Listening can lead to healing.
You must understand this, my beloved: let everyone be quick to listen, slow to speak, slow to anger;
– James 1:19
I used to think I was a good listener. I realize now that I am not as proficient as I’d like to be. I listen reasonably well when I am “practicing.” But when I don’t hold the awareness that I am “practicing listening,” I find myself distracted, my thoughts meandering to and fro, my desire urging me to speak some unhelpful, unempathetic, self-centering words. Looking at our world, I know I am not the only person to struggle with this. Too often, we quake with kneejerk reactions, impulsive outbursts, self-righteous rants. These only create or deepen wounds, our own and those of others.
In practice, I am learning to catch my impulses, to breathe and slow down, offering more space for quiet, for integration of what I am hearing, for compassion to wash over and disintegrate what may start as a ball of judgement or anger or I-can-fix-you. Outside of practice, I sometimes get it right, too. I will keep practicing because I believe these words:
Being heard is so close to being loved that most people can’t tell the difference.
– from Urban Confessional: A Free Listening Movement
I want to offer to others what I’ve been gifted so generously: open-hearted listening.

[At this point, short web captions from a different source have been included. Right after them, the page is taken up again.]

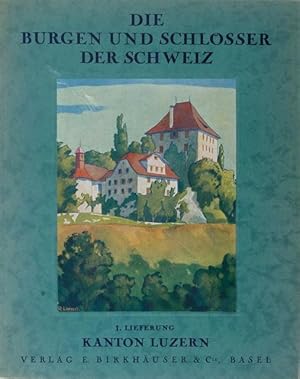 Immagine del venditore per Die Burgen und Schlsser des Kantons Luzern. Mit einer Einleitung: Allgemeines ber die Burgen, von H. [Hans] Lehmann. venduto da Franz Khne Antiquariat und Kunsthandel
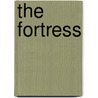 The Fortress by Mesa Selimovic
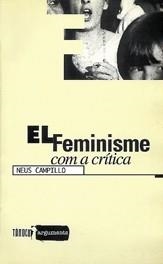 FEMINISME COM A CRITICA, EL | 9788481311426 | CAMPILLO, NEUS | Llibres.cat | Llibreria online en català | La Impossible Llibreters Barcelona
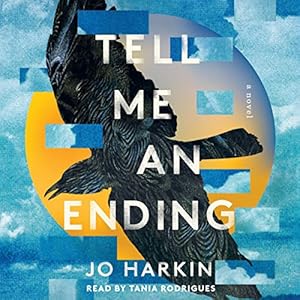 Tell Me an Ending: A Novel by Jo Harkin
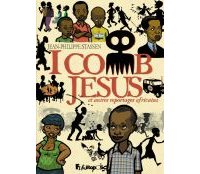 I Comb Jesus et autres reportages africains - Par Jean-Philippe Stassen - Futuropolis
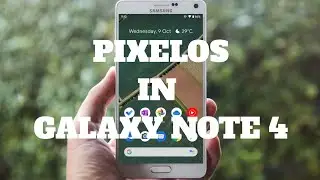 Get Pixel Os in Samsung Note 4 | AmTheVis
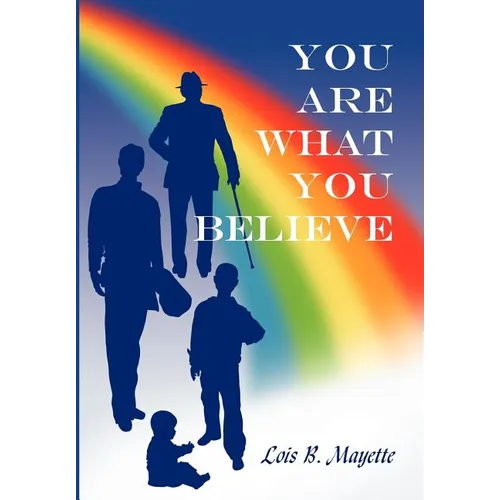 You Are What You Believe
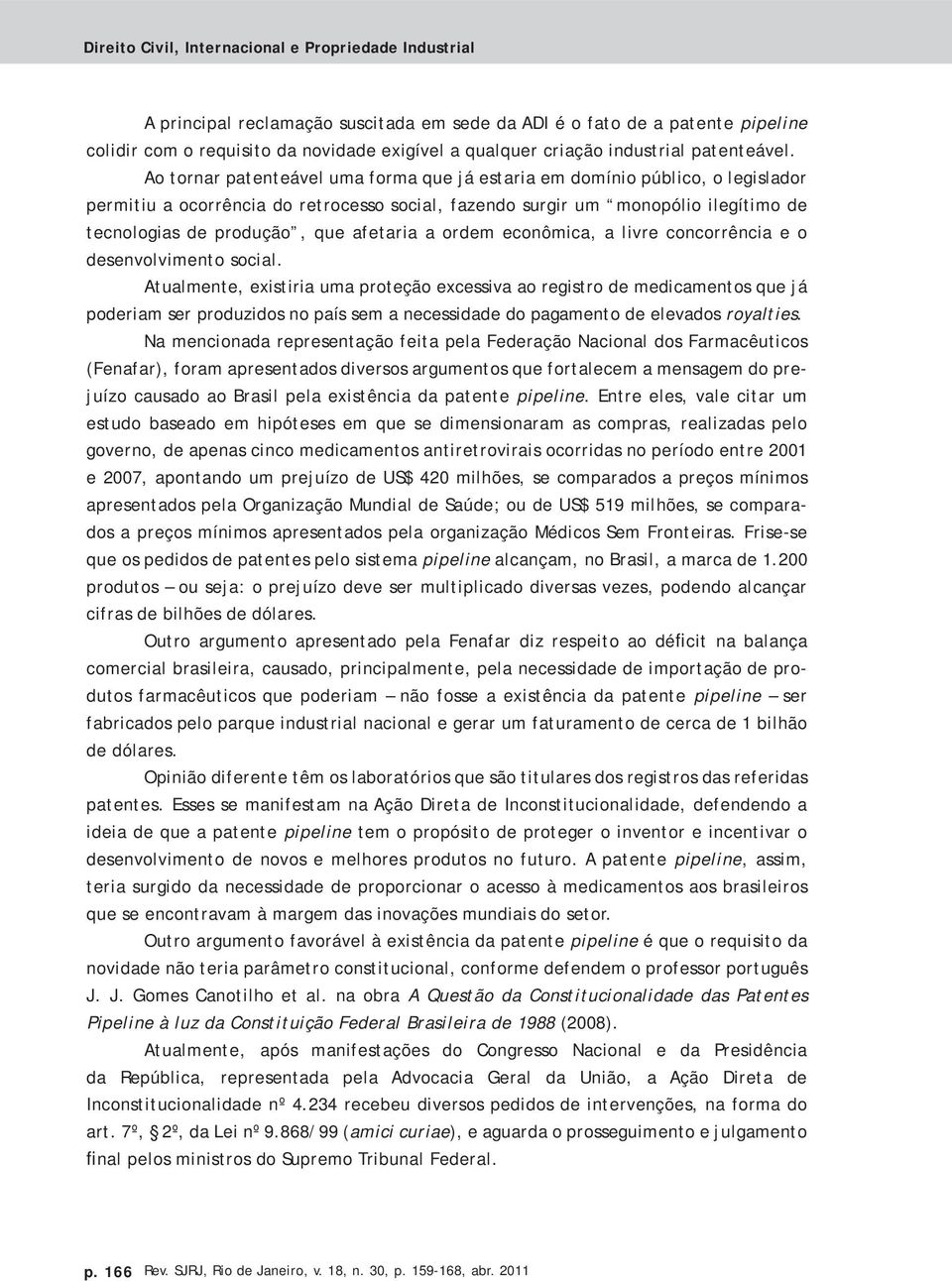 afetaria a ordem econômica, a livre concorrência e o desenvolvimento social.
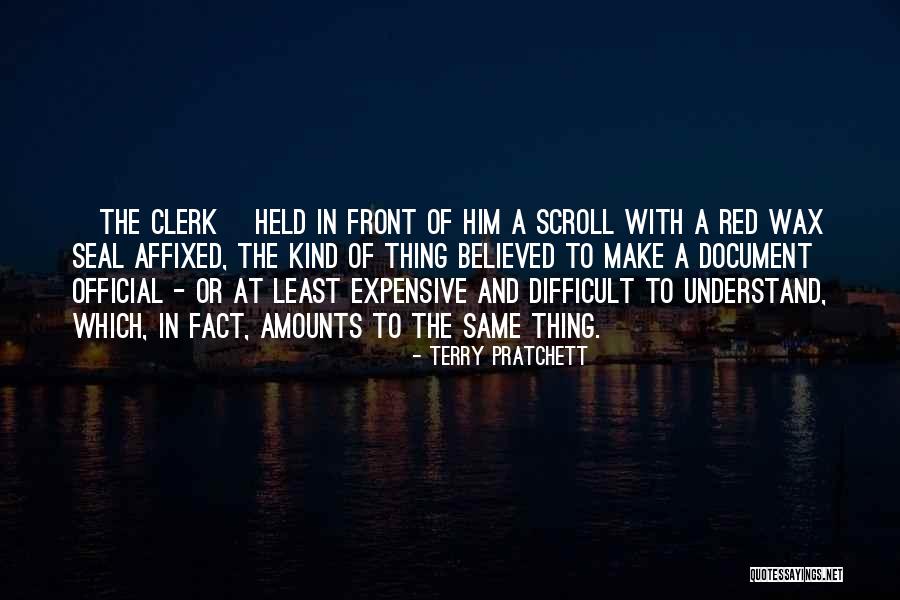 Clerk Quotes By Terry Pratchett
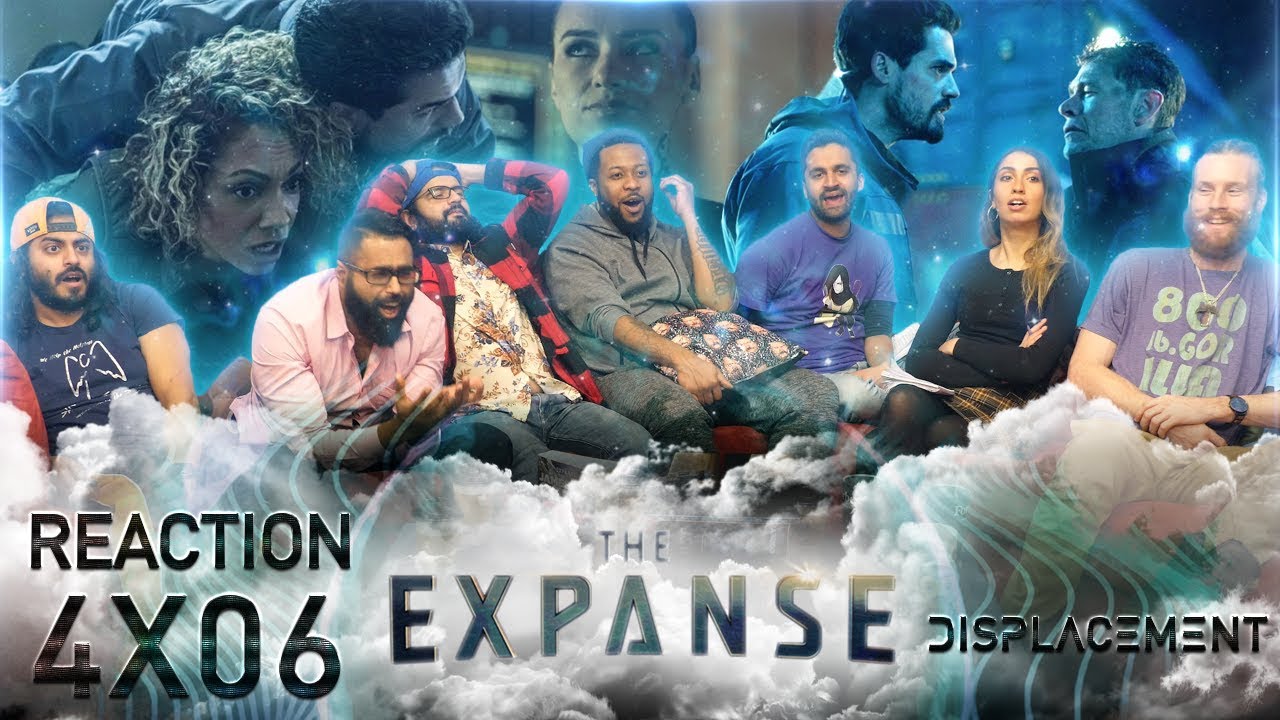 The Expanse - 4x6 Displacement - Group Reaction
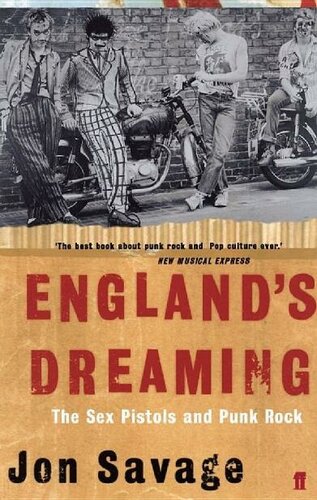 Englands Dreaming The Sex Pistols And Punk Rock Jon Savage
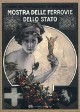 PEDRAZZINI CLAUDIO Torino 1911 Esposizione internazionale di Torino. Mostra delle Ferrovie dello Stato. Catalogo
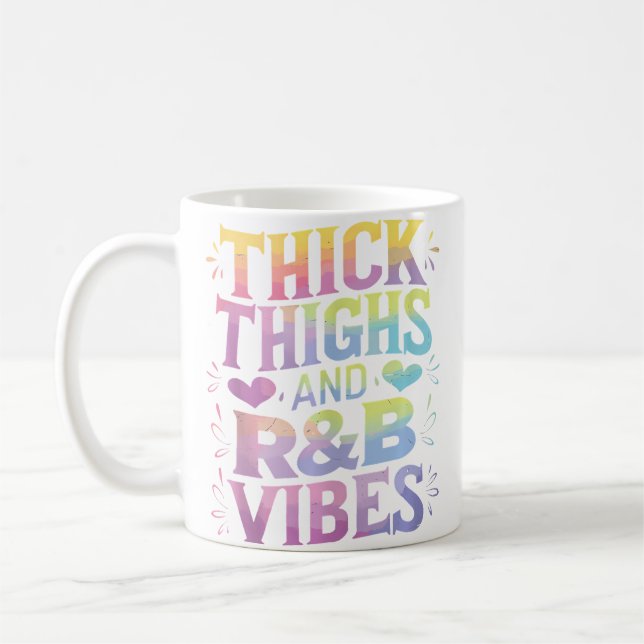 Thick Thighs Rb Vibes Kaffeetasse (Links)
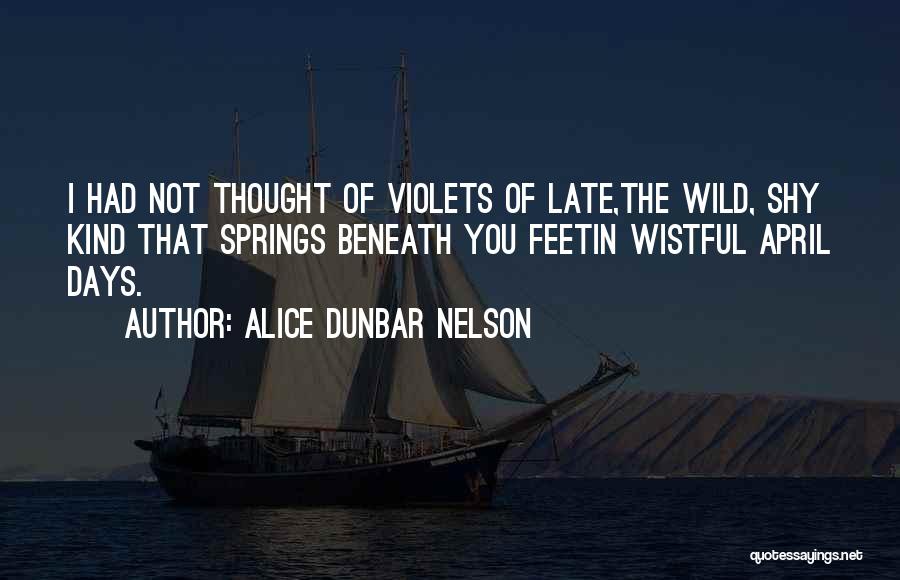 Alice Dunbar Nelson Quotes 516230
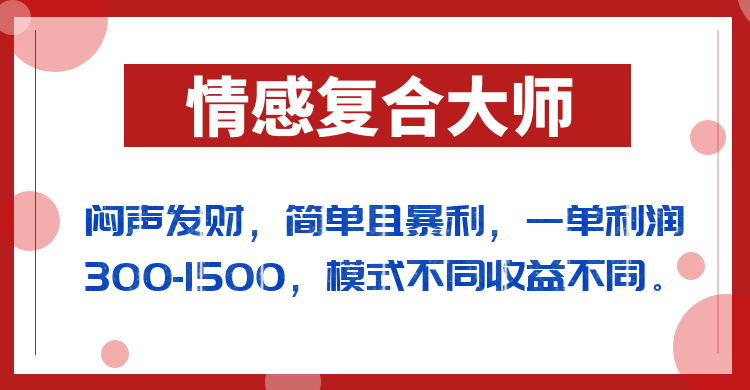 闷声发财的情感复合大师项目，简单且暴利，一单利润300-1500，模式不同收益-大源资源网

And as I write today, I have few words to offer, only two invitations:
In this season of Advent, when preparation seems to take the form of frenzy rather than stillness, and through the Christmas season, too often an embodiment of consumerism rather than a celebration of God Embodied, I invite you to give the gift of time…
…time to listen to your own heart, your center, from where you most purely reflect the image of God. Breathe. Focus only on understanding yourself, not judging, analyzing, fixing. What wisdom speaks quietly from within?
…time to listen to someone else, remembering that they, too, are created in God’s image. Breathe. Focus only on understanding that person, not judging, analyzing, fixing. Reflect back what you hear them saying. What happens when your only intention is understanding?